Sky Canaves (16:52):

And I think that's where the product innovation and the collaborations come in. So looking at the Chipotle app today, I saw a lot of featured meals with Olympians featured and young Olympians, of course. So it's really speaking to Gen Z and generating some more buzz and interest. And, as you mentioned before, Sara, Chipotle has been really innovative with its collaborations, working with brands like E.L.F. on cosmetics collaborations that really speak to Gen Z and their interests and their love of both Chipotle and complementary brands that are part of the Gen Z universe. And they would love to see that. We haven't seen Starbucks do as much on the collaborations front.
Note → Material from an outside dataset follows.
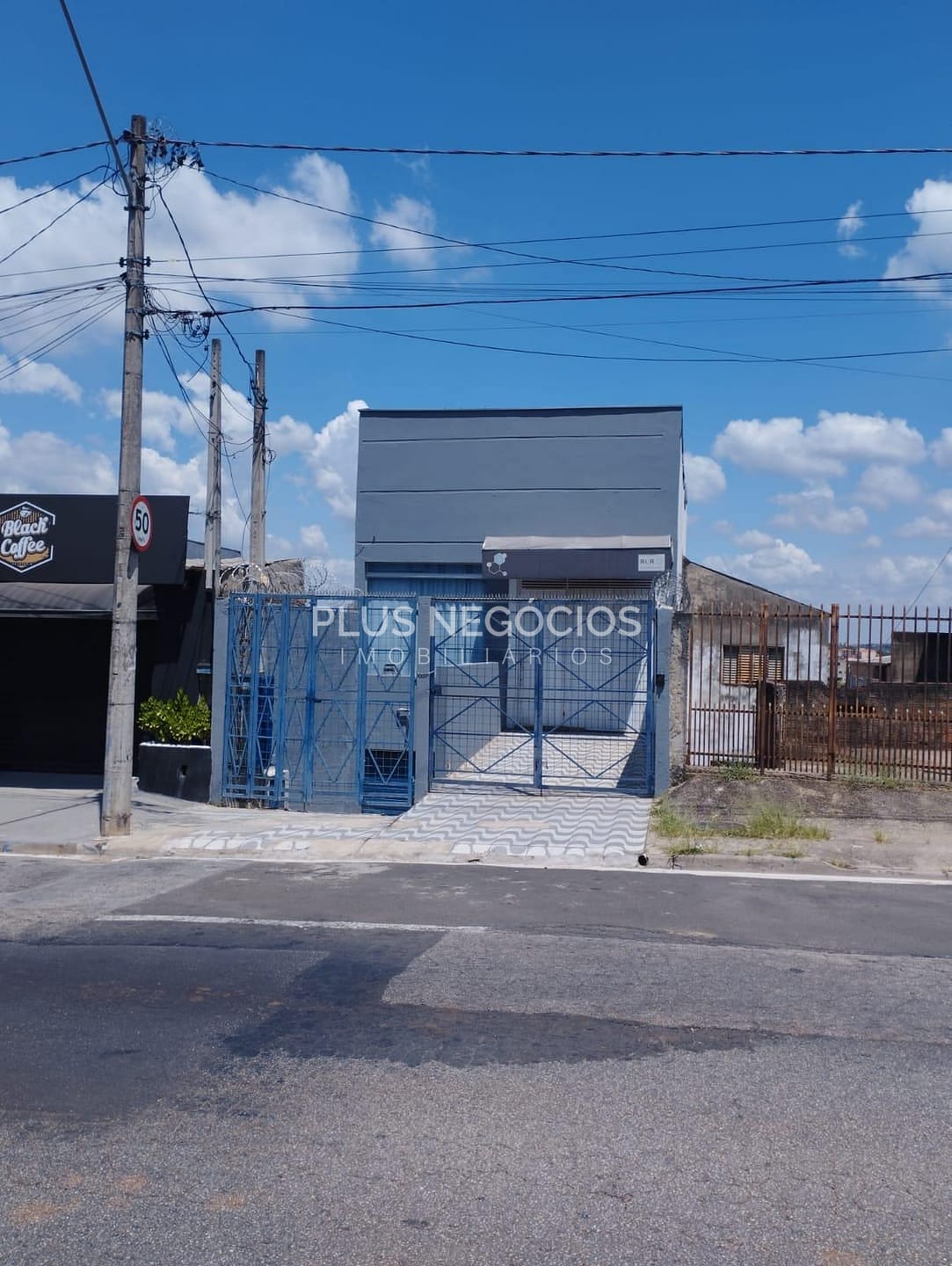 Depósito-Galpão-Armazém para alugar, 280m² - Foto 1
Suzy Davidkhanian (17:32):

And if you think about all of that sort of, and maybe one of the reasons why they picked Niccol, is because he's been really good at bringing people back in the different, whether it's Chipotle or Taco Bell, and it's that repeat visitor. It's an already acquired customer. So that's what he's leaned very heavily on. So to your points, if there's more experiences and it's more omni-channel, how do you drive people to the store and how do you get them to buy more in a nice, authentic way? He might really win and turn them around.

Sara Lebow (18:04):

I think that's a good note to end on. So thank you for being here, Sky.

Sky Canaves (18:09):

Thanks for having me again, Sara.

Sara Lebow (18:11):

Thank you, Suzy.

Sky Canaves (18:12):

Thanks.

Sara Lebow (18:12):

Thanks to our listeners and to Victoria, who edits the podcast and keeps things grande. We'll be back next Wednesday with another episode of Reimagining Retail, an EMARKETER podcast, and tomorrow join Marcus for another episode of the Behind the Numbers Daily.